Johannesburg, 02 Dec 2010

If there is one area of the IT environment where cost is a critical determinant of value, it is storage. Of course, lower cost shouldn't come at the expense of reliability and performance, the other two essential members of the storage triumvirate. But with constantly escalating capacity requirements, which remain unchecked even through a severe recession, if you're not considering the cost of storage, you're going to pay dearly.

That's according to Mike Styer, country manager of NetApp. “Is enterprise storage 'just a bunch of disks'? Certainly not. Storage today has to be purpose designed for efficiency and performance. It has to be virtualised.

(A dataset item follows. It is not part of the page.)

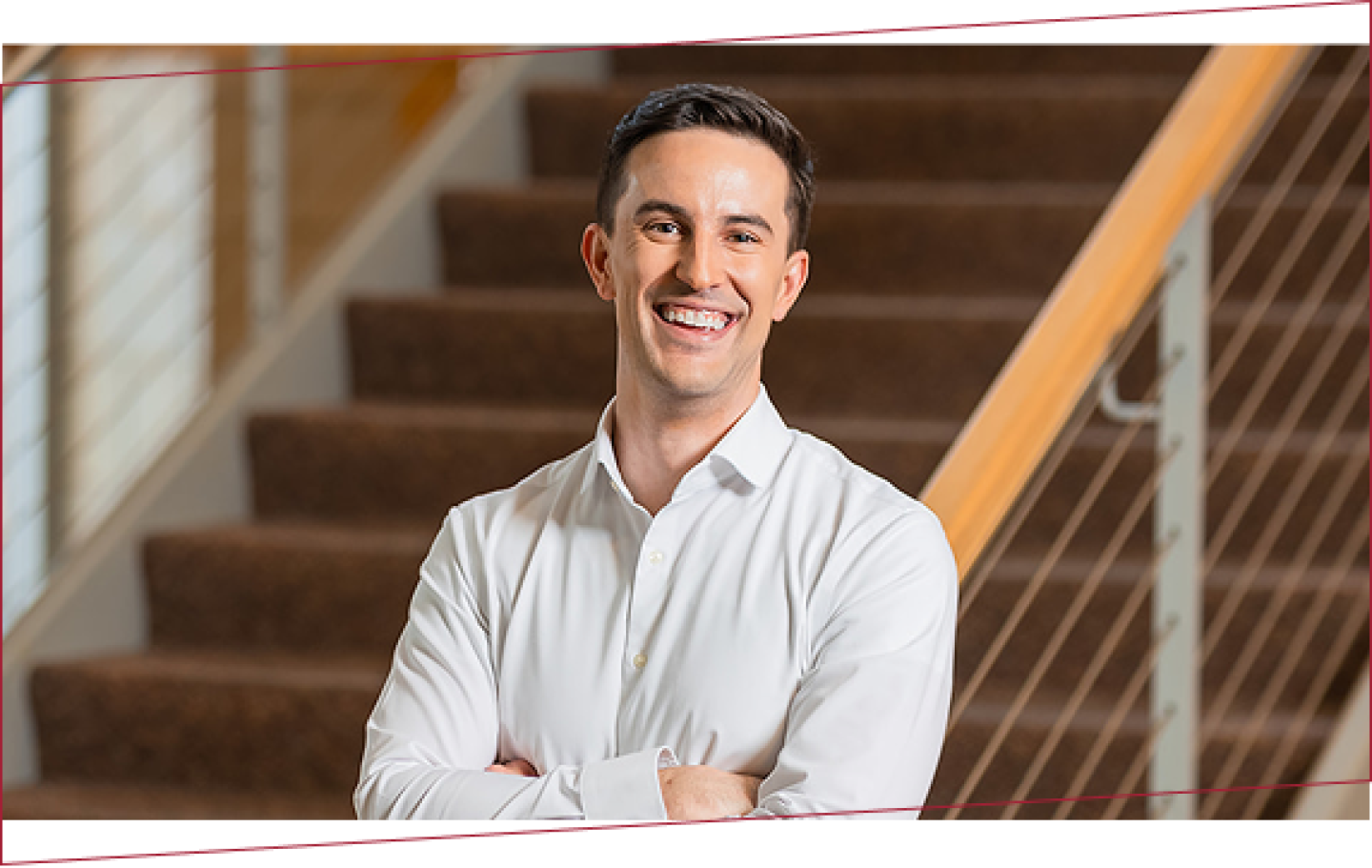 man standing at the end of a staircase with crossed arms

“Whether you're operating on the public cloud or are experimenting with private clouds, storage is the one area where it is a non-negotiable to drive up utilisation of in South Africa. The reason is simple: if you don't, you will need more capacity and you will be paying too much for your storage.”

With that illustrating the requirement for low-cost storage, Styer makes another point. “Any provider of cloud services has to have a highly efficient infrastructure behind that service. Many, if not most, offer services on a 'free' basis, with limited capacity and functionality; upgrades which offer further capacity are often priced as little as a couple of rand. Unless you have low-cost, high performance infrastructure, this business model is dead in the water.”

Pointing to some revenue and capacity facts that illustrate why he believes the South African CIO is paying too much for storage, Styer says it's a straightforward inference. “NetApp is ranked sixth by International Data Corporation in terms of revenue. But it is ranked second in terms of capacity.

“That should tell you something as simple as it is profound: we are shipping more storage terabytes for every rand than any other competitor. Put even plainer: if you're not installing NetApp to take care of your storage requirements, you're paying too much,” Styer says.

Just as important, however, he believes any CIO should ask themselves what they are receiving for the premium they are paying for kit from other vendors. “Is it for reliability? Our systems are based on RAID 6. Is it for performance? Our systems consistently top benchmarks. Is it on the basis of what the analysts say? NetApp is positioned in the leader's quadrant for midrange and high-end modular disk arrays by Gartner. Software? Our deduplication solutions have saved a proven Exabyte of capacity for businesses using our storage.”

Or is it marketing? He concedes that NetApp hasn't blown its trumpet quite as loud as other vendors have, choosing instead to invest more in research and development and less on advertising and related expenses.

It's a bold statement, but Styer is adamant. “Our storage performs better and costs less than that of major competitors. Unless you're implementing NetApp, you're paying too much. And if you don't believe it, I challenge you to investigate further.”

And a last word of caution: Just don't let the CFO find out.